C’è stata una stagione, nella storia del nostro Paese, in cui tutte le speranze erano riposte nella magistratura. Era l’epoca di Tangentopoli, quella in cui il pool di Mani Pulite si proponeva di «rivoltare l’Italia come un calzino», in cui fioccavano gli arresti di politici e imprenditori e anche le condanne. A trent’anni e oltre di distanza da quella stagione, la magistratura ha bruciato quel patrimonio di fiducia agli occhi degli italiani (spesso accumulato attraverso un uso troppo disinvolto della carcerazione preventiva e un protagonismo che non si addice a una toga). E gli scandali giudiziari verificatisi negli ultimi tempi in Puglia non fanno altro che alimentare questa tendenza.
Sia chiaro: tutti gli indagati sono innocenti fino a sentenza definitiva. E questo fondamentale principio di garantismo, tra l’altro solennemente sancito dalla Costituzione, vale anche per i magistrati pugliesi indagati o addirittura condannati in primo grado. Vale per Antonio Zito, il viceprocuratore onorario di Lecce coinvolto in un’indagine su un presunto giro di mazzette per insabbiare le inchieste. Vale anche per Pietro Errede, ex giudice della sezione fallimentare del Tribunale di Lecce che avrebbe assegnato incarichi a determinati professionisti in cambio di regali e favori. Vale, infine, per Giuseppe De Benedictis, l’ex gip del Tribunale di Bari condannato in primo grado a nove anni e otto mesi di carcere per corruzione in atti giudiziari e poi addirittura a 12 anni e otto mesi per detenzione e traffico di armi. Su De Benedictis c’è da aggiungere un particolare. Il suo nome figurerebbe tra i componenti del fantomatico osservatorio di ispirazione fascista che avrebbe dovuto svolgere attività di dossieraggio e poi colpire tutte le toghe sgradite: una vicenda per la quale, tuttavia, il magistrato barese non risulta formalmente indagato.
Se è vero che Zito, Errede e De Benedictis sono ancora innocenti a tutti gli effetti, è altrettanto vero che le inchieste in cui i magistrati sono coinvolti, sommate a casi come quello di Luca Palamara, restituiscono una pessima fotografia della giustizia italiana. E cioè l’immagine di una giustizia non sempre e non necessariamente al di sopra di ogni sospetto, ma all’occorrenza disposta a piegarsi alle ambizioni personali di magistrati e avvocati rampanti, a inserirsi nelle oscure trame della politica, a cedere alle lusinghe di operatori economici disonesti.

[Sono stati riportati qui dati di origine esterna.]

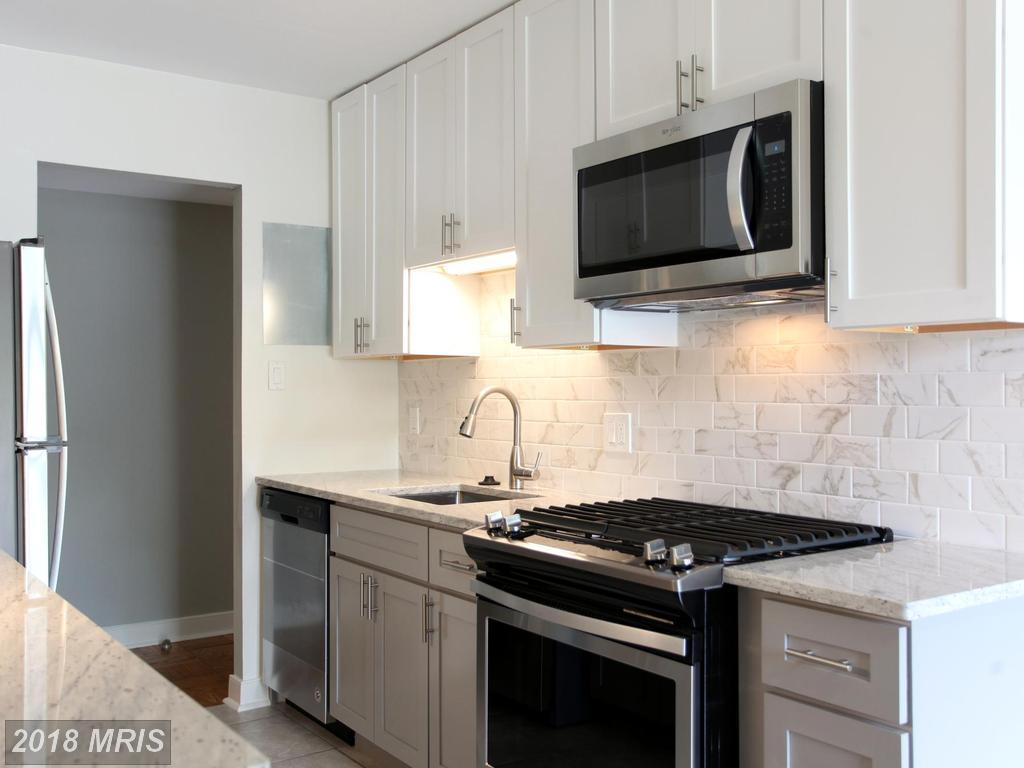 8308 Flower Avenue - Photo 1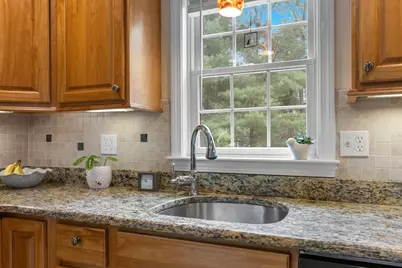195 Knotty Pine Ln, Barnstable, MA 02632 - Photo 13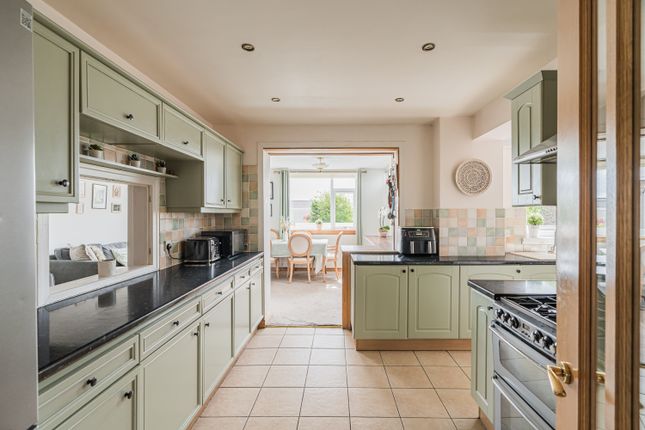 11, Dundas Place, Kirkliston photo 4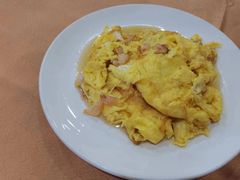 -众源美食(光复阁店)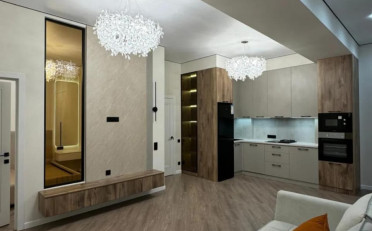  Агентство недвижимости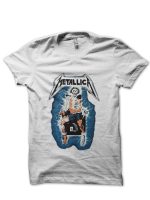 sharkshirts.in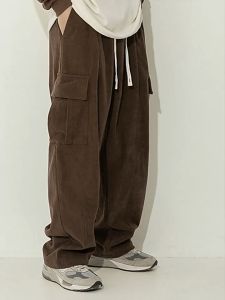 celana corduroy pria celana longgar pria celana olahraga pria panjang celana kargo pria celana oversize pria baggy pants celana lebar pria celana joger dewasa celana lebar pria celana joger dewasa celana highwaist pria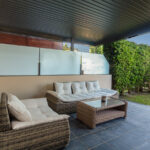 Apartamentos de 2 dormitorios en venta en Los Flamingos – R5214223 Apartamentos de 2 dormitorios en venta en Los Flamingos – R5214223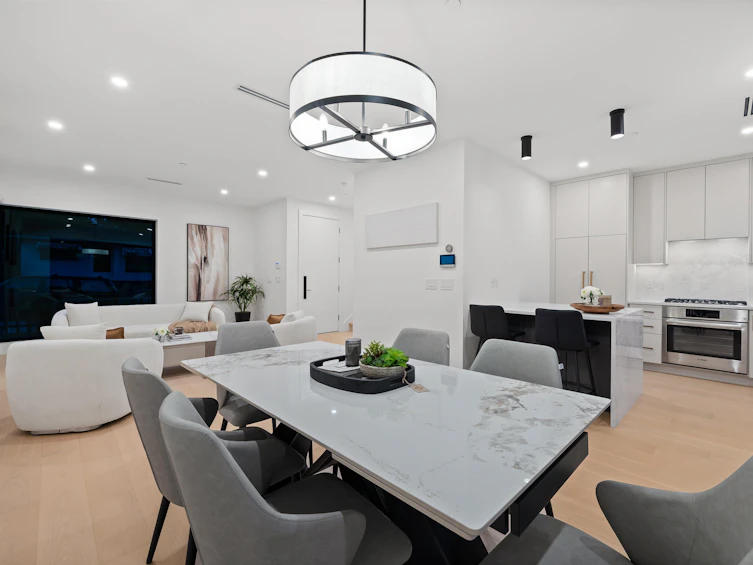 3670 Fleming Street, Vancouver, BC, V5N 3V8 - 12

Non c’è da meravigliarsi, dunque, del progressivo e inarrestabile calo di fiducia dei cittadini nella magistratura. In un simile contesto è facile che qualcuno scelga o di sottostare ai soprusi che subisce o di farsi giustizia da solo. Il paradosso di fondo, infatti, è che in un sistema di amministrazione della giustizia in cui i magistrati sono delegittimati da certe vicende, il Diritto (quello con la D maiuscola sul quale si regge la civile convivenza tra le persone) non è in grado di tutelare i diritti (quelli civili, politici e sociali che danno senso e contenuto al patto sociale), ma finisce per soddisfare soltanto certi “appetiti”. È una deriva pericolosa che mina la democrazia dalle fondamenta.
In questo contesto serve essenzialmente una cosa: il coraggio di approvare riforme capaci di restituire dignità e credibilità a chi esercita una tra le funzioni più alte e nobili nella società, cioè quella di rendere giustizia. Qualche esempio? Prevedere test psico-attitudinali per chi, incardinato nella pubblica amministrazione come magistrato, è chiamato a prendere delicate decisioni sulla libertà e sul patrimonio altrui. Ancora: riformare il meccanismo di valutazione dei magistrati, che non può e non deve più reggersi sull’autovalutazione. Infine, ristrutturare completamente il Consiglio superiore della magistratura in maniera tale da “sterilizzare” la devastante influenza delle correnti.
Pochi sono i governi che finora hanno affrontato con serietà e decisione il tema della riforma della giustizia, forse memori del monito pronunciato da qualche politico della Prima Repubblica: «Chi tocca la magistratura, muore». Ma adesso quella riforma è più che mai necessaria per far sì che il Diritto torni a tutelare i diritti. In gioco c’è la tenuta della democrazia.